At times, we’ll receive a proposal that already includes the solution. In those cases, our intention is to understand what influenced it. When a team of Spanish instructors shared their enthusiasm about the Yellowdig platform after having explored that and other tools independently, we decided to support a pilot of Yellowdig for language learning aimed at fostering meaningful asynchronous interaction between students across various languages and multiple modalities. Letting needs and objectives drive the process of exploration keeps us honest to the experiment’s purpose, while leading with a solution in mind can confine the thinking process and potentially stifle innovation. 

Success, Support, and Sustainability

We find that experiments are more likely to be feasible and to live past the pilot phase if their sustainability is considered early on. We encourage our collaborators to imagine and define what a successful experiment might look like, what evidence they might need to confirm that it achieved its objectives, and how it might scale beyond the pilot phase to other classrooms, units, departments and/or schools, either directly or through providing a compelling example for adoption.

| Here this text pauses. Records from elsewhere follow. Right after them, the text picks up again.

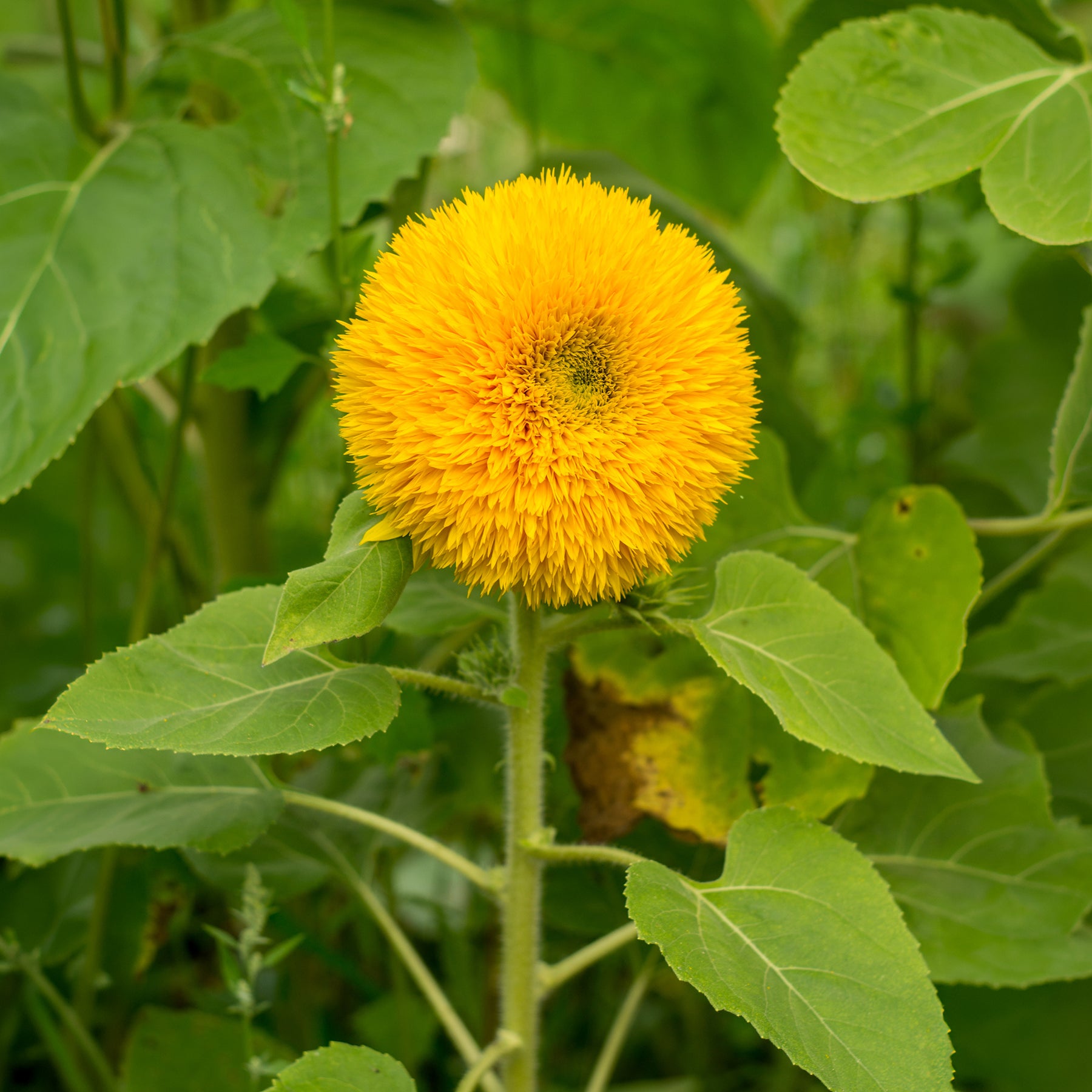 Zonnebloem 'Teddy Bear' - Helianthus annuus teddy bear - Willemse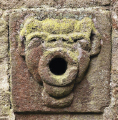 Fig. 30. A typical Bateman grotesque head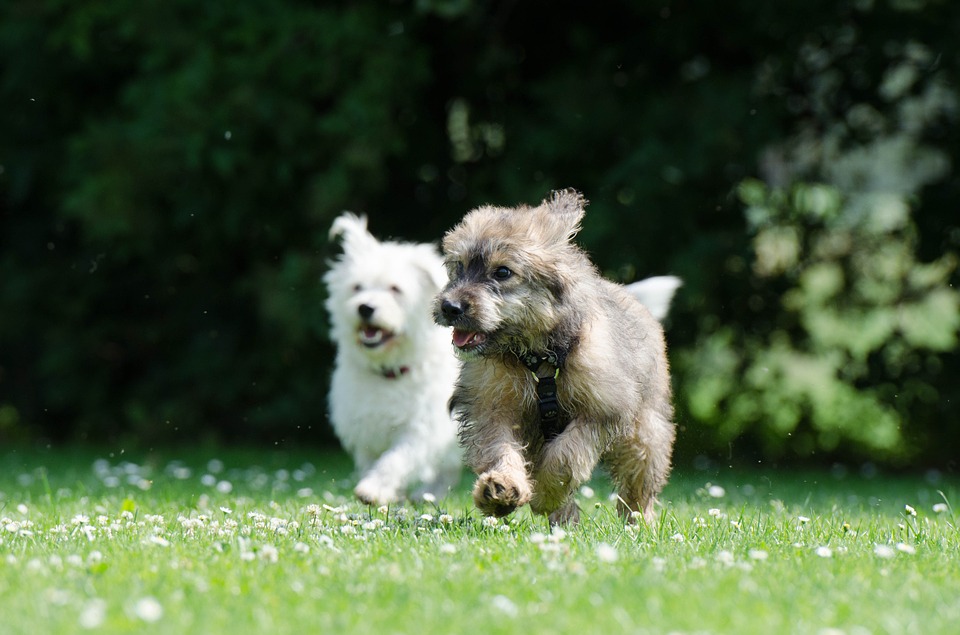 Úprava podmienok držania a vodenia psov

This process involves considering success indicators and setting related targets, as well as being honest about any assumptions that are being made about key stakeholders, timelines, or any other elements of the pilot. A few years ago, we supported a pilot of a coaching app that relied on consistent participation and engagement with the technology; when both were low, it became clear that the experience would not scale. We deliberately start with a small experiment or a proof of concept, and it is essential that we understand its potential for scale.

We also find that sustainability planning is directly linked to leadership support from the participating academic unit. Does the appropriate Program Director, Dean, or Associate Provost endorse the idea and see its realistic implementation past a successful pilot? What evidence of success might they need in order to allocate resources toward its continuation?

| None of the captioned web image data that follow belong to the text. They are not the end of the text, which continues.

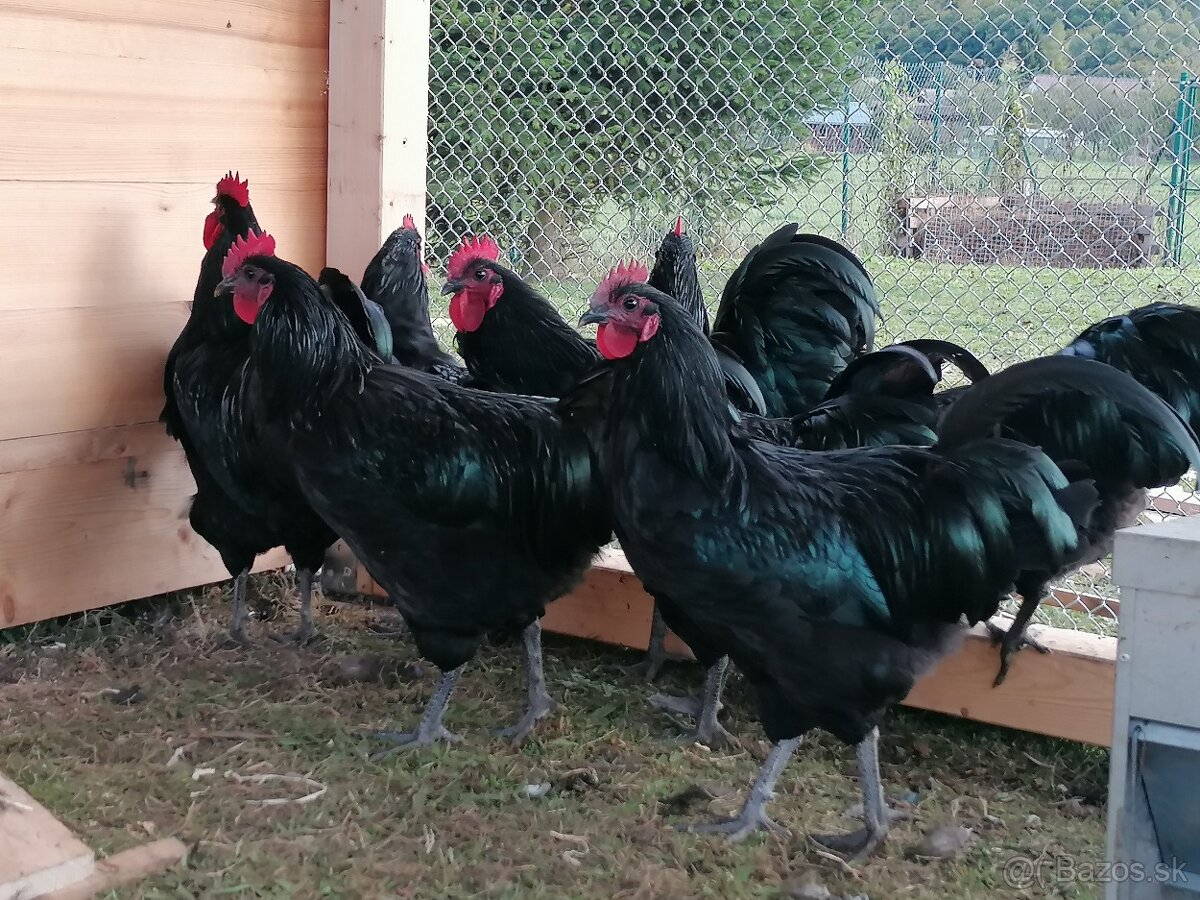 Australorpka čierna - kohút - 2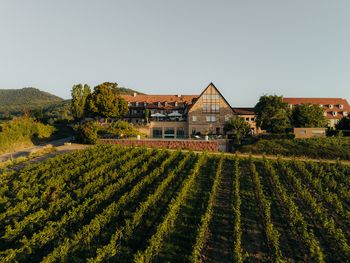 Pfälzer Weinbergsromantik-Zeit zum verlieben HP|5Tg.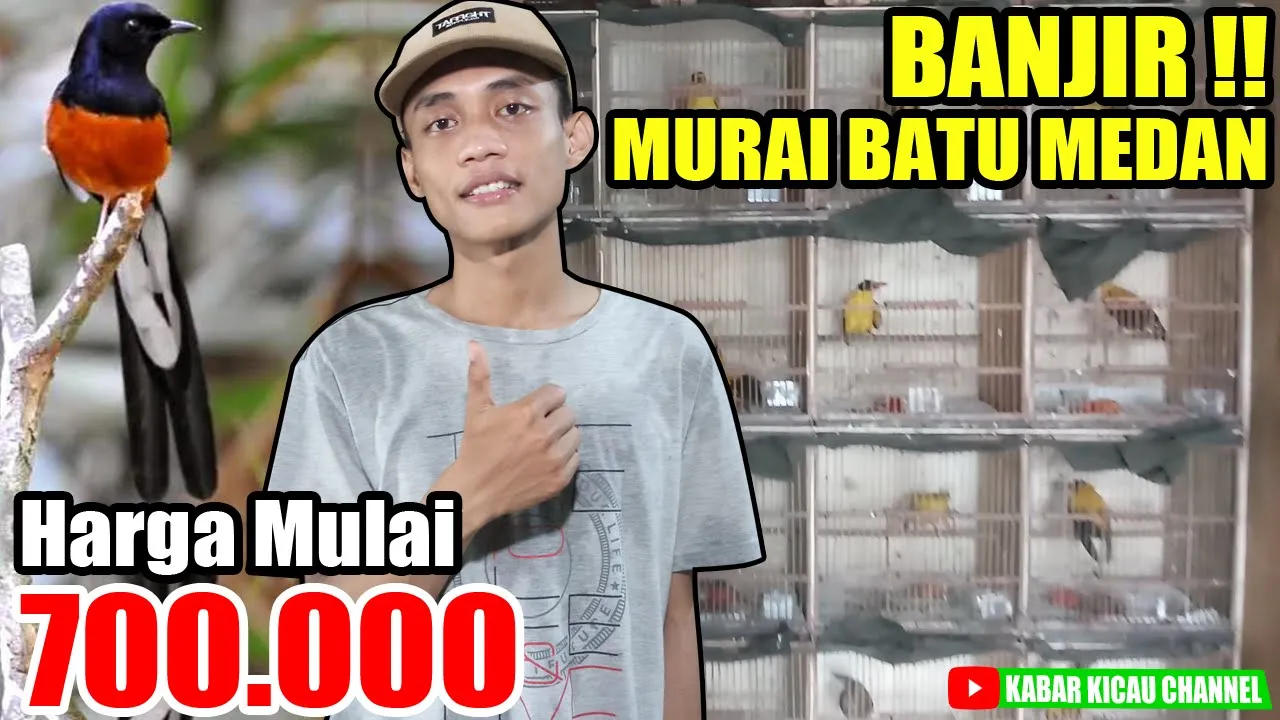 
          
          
          
            
            MURAI MEDAN Mulai 700K ! UPDATE HARGA Murai Batu Medan, Cucak Ijo, Kenari, dll di Fathoni Bird Shop
          
        . 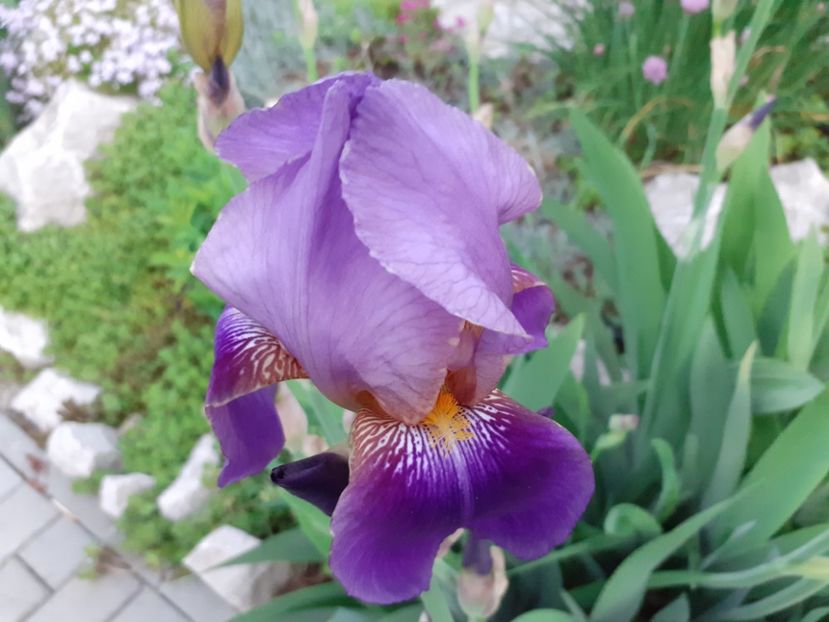  - Iris 2022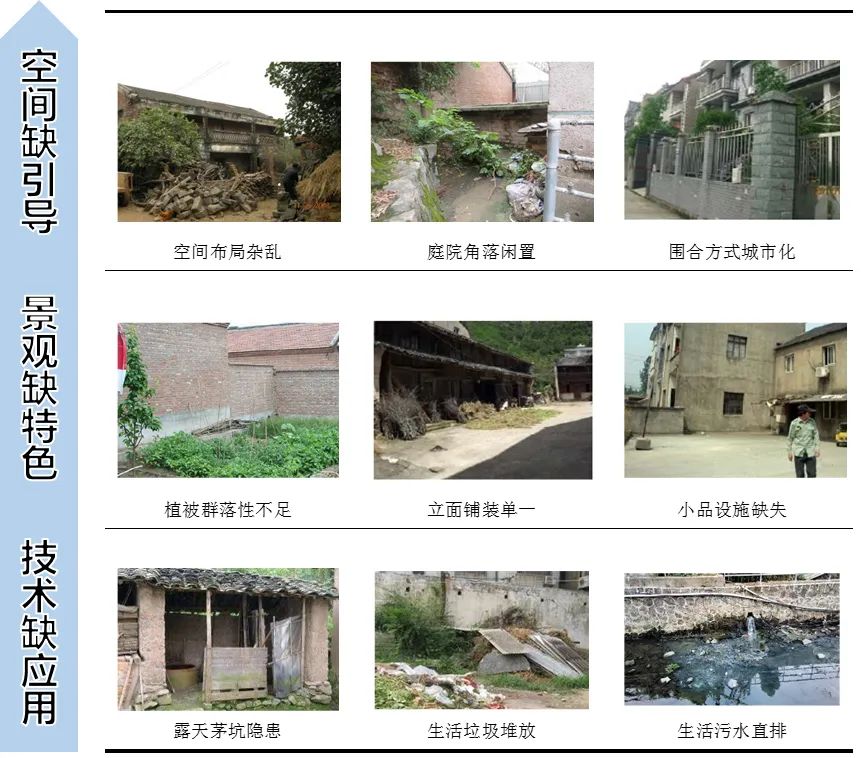 1595580413954658.jpg 02.jpg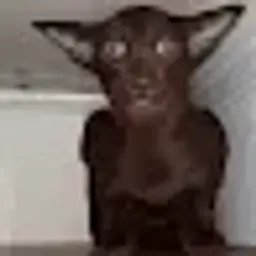 tuttitukiputi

Implementation, Evaluation, Debrief

The process described above is highly collaborative. The Shipley Center provides consultations before considering any funding and other implementation support. The proposals are co-developed in several iterations until they clearly convey the scope, significance, strategic value, support, and sustainability of the experiment — i.e., they meet our selection criteria. This approach allows us to address all the known elements while embarking on a journey of potential chaos that may or may not lead us to the specific goals envisioned initially, despite our best efforts.

We typically have hands-on involvement in the experiments we support throughout their implementation and we value collaboration, human-centered design, and adaptability. We check in with our collaborators regularly, discuss progress toward project objectives, and assess potential opportunities to pivot from our original plans. At the end of a pilot — or at prior major milestones — we debrief the experience to reiterate goals and to understand the extent to which they were achieved, to discuss success, challenges, and lessons learned, and to consider the next steps. Whether the experiments we support continue past the pilot stage or not, we see immense value in the journey and the exploration of how our institution’s value proposition can improve. If we manage to foster thoughtfully innovative investigation, implementation, and risk-taking in the pursuit of perpetually growing value for our students, each pilot is worthwhile.